The Darvaza Gas Crater, known as the Gates of Hell, has been burning for over 50 years. 

It was drilled by Soviet engineers in 1971 as a natural gas well, but when it collapsed they had to set the crater on fire to prevent poisonous gases from escaping. Scientists expect the site to continue burning for decades to come.


In a more hopeful snapshot, a ‘tree’ of healthy elkhorn coral gets a checkup at the world’s largest underwater coral nursery in the US.

1. A coral nursery in the US

Corals for the Future.
Corals for the Future.Jennifer Adler

Last summer’s extreme marine heatwave caused a mass coral bleaching event in the Florida Keys, a reef area that had already declined by 90 percent due to disease and past heatwaves.

Roxane Boonstra (pictured) is one of the experts at the Coral Restoration Foundation’s Tavernier nursery determined to help coral rebound.

When will Earth Photo prizes be announced, and where can you see the winners?

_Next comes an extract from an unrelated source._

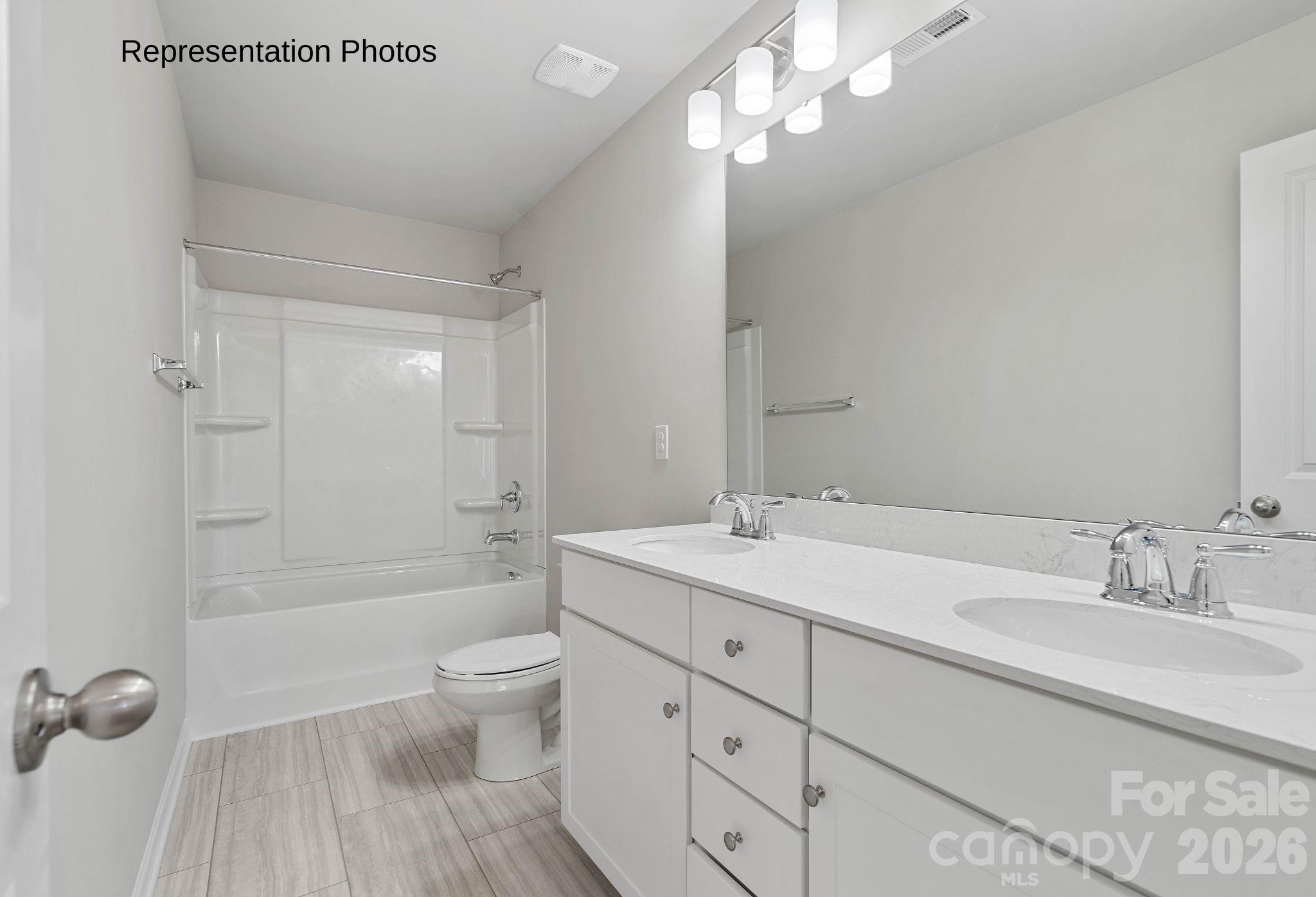 111 Pinnacle Crossing Shelby, NC 28152 - Photo 21 of 24 a spacious bathroom with a granite countertop sink a toilet mirror and shower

A number of prizes will be bestowed upon the shortlisted artists at an awards ceremony at the Royal Geographical Society in London on 17 June.

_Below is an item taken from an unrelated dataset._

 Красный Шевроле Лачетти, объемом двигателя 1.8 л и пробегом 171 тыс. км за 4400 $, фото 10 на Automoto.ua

The Earth Photo Award winner will take home the top cash prize of £1,000 for an “outstanding photography project that tells a compelling story about life on our planet.”


This will also mark the opening of the Earth Photo 2024 exhibition, open to the public from 18 June to 21 August.

"The exhibition will bring some of the best photography of our planet in all its aspects from stunning landscapes, engaging fauna and flora and images that remind us of the fragility of our world and the environment that human-kind calls home," says Michael Pritchard, photography consultant at the Royal Photographic Society.

The exhibition will then tour six Forestry England sites across the UK, followed by five National Trust locations, the Lost Gardens of Heligan, Cornwall, and Sidney Nolan Trust, Herefordshire.